(Stored records)
+--
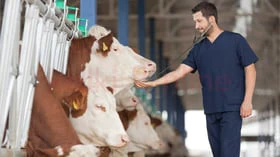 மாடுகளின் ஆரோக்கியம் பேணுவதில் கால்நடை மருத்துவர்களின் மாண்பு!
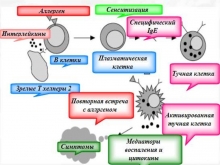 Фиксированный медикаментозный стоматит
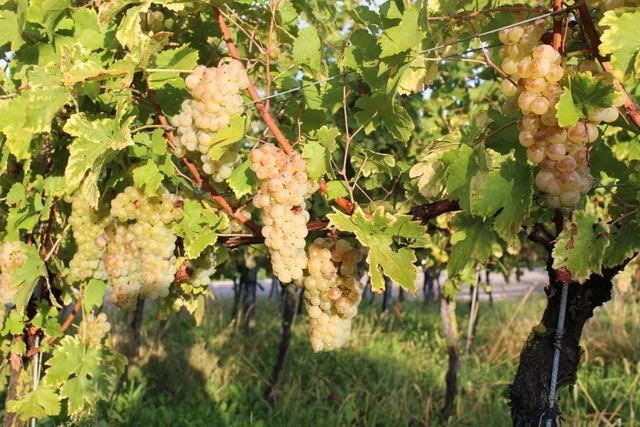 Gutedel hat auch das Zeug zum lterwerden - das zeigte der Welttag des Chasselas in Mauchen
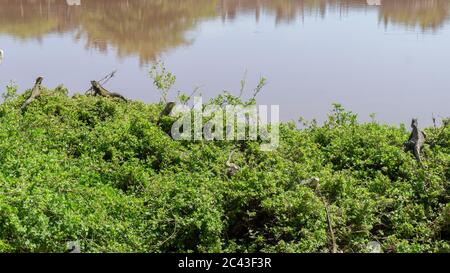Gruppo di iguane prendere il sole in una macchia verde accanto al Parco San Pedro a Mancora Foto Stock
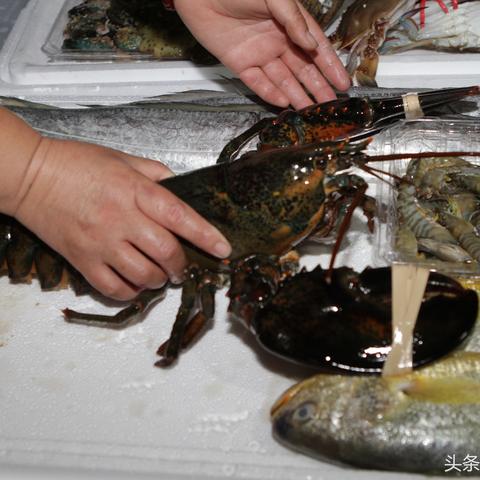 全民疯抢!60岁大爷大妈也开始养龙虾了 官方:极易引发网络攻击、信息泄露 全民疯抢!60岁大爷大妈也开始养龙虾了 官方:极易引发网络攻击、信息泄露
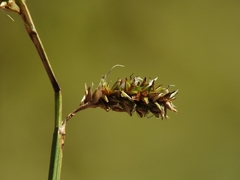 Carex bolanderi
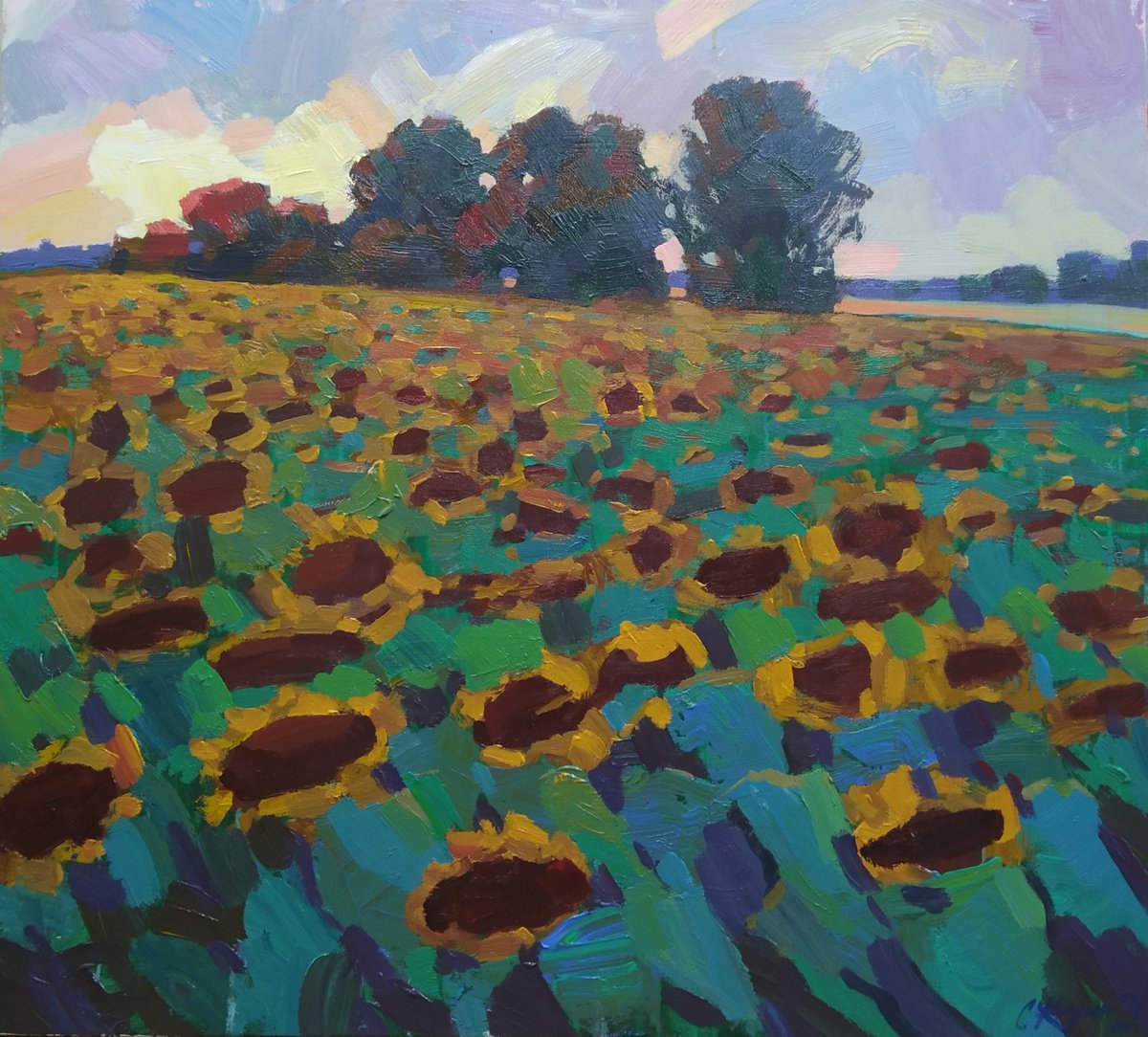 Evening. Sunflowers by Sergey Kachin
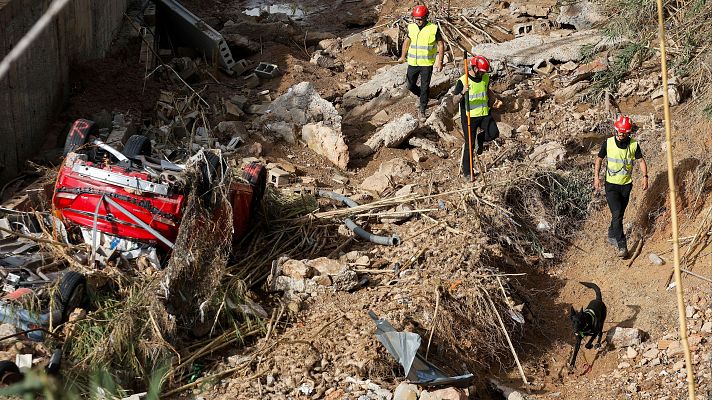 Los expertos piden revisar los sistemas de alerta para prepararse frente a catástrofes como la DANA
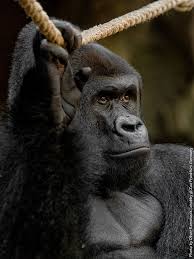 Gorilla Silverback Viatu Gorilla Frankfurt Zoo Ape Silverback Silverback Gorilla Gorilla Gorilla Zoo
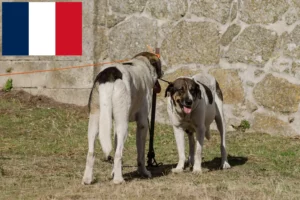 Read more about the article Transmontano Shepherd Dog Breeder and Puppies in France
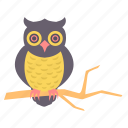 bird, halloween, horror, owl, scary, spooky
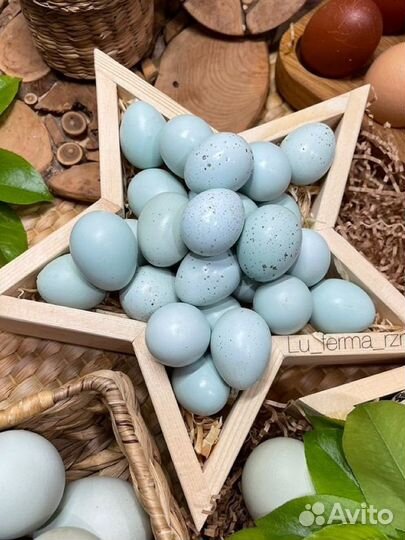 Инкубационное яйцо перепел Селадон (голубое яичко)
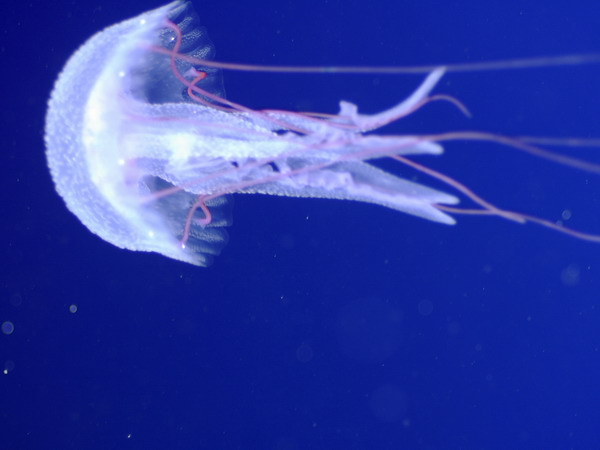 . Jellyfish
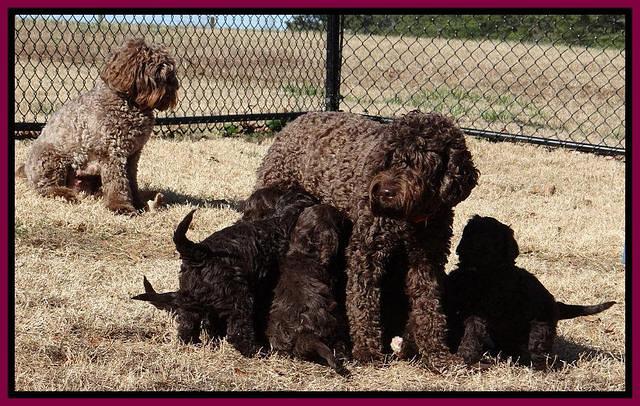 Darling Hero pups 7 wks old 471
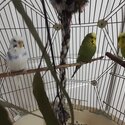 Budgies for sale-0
+--
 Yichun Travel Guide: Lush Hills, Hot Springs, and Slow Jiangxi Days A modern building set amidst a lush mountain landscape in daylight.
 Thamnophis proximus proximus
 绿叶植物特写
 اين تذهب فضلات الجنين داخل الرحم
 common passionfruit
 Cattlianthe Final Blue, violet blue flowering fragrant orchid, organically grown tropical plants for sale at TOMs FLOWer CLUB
+--
▶ **WHAT THE TASK REQUIRES**: Take the lines above starting at the one containing "全民疯抢!60岁大爷大妈也开始养龙虾了 官方:极易引发网络攻击、信息泄露 全民疯抢!60岁大爷大妈也开始养龙虾了" and ending at the one containing "Los expertos piden", and print them again exactly, without pictures.

▶ **ANSWER TO THE EXERCISE**:
 全民疯抢!60岁大爷大妈也开始养龙虾了 官方:极易引发网络攻击、信息泄露 全民疯抢!60岁大爷大妈也开始养龙虾了 官方:极易引发网络攻击、信息泄露
 Carex bolanderi
 Evening. Sunflowers by Sergey Kachin
 Los expertos piden revisar los sistemas de alerta para prepararse frente a catástrofes como la DANA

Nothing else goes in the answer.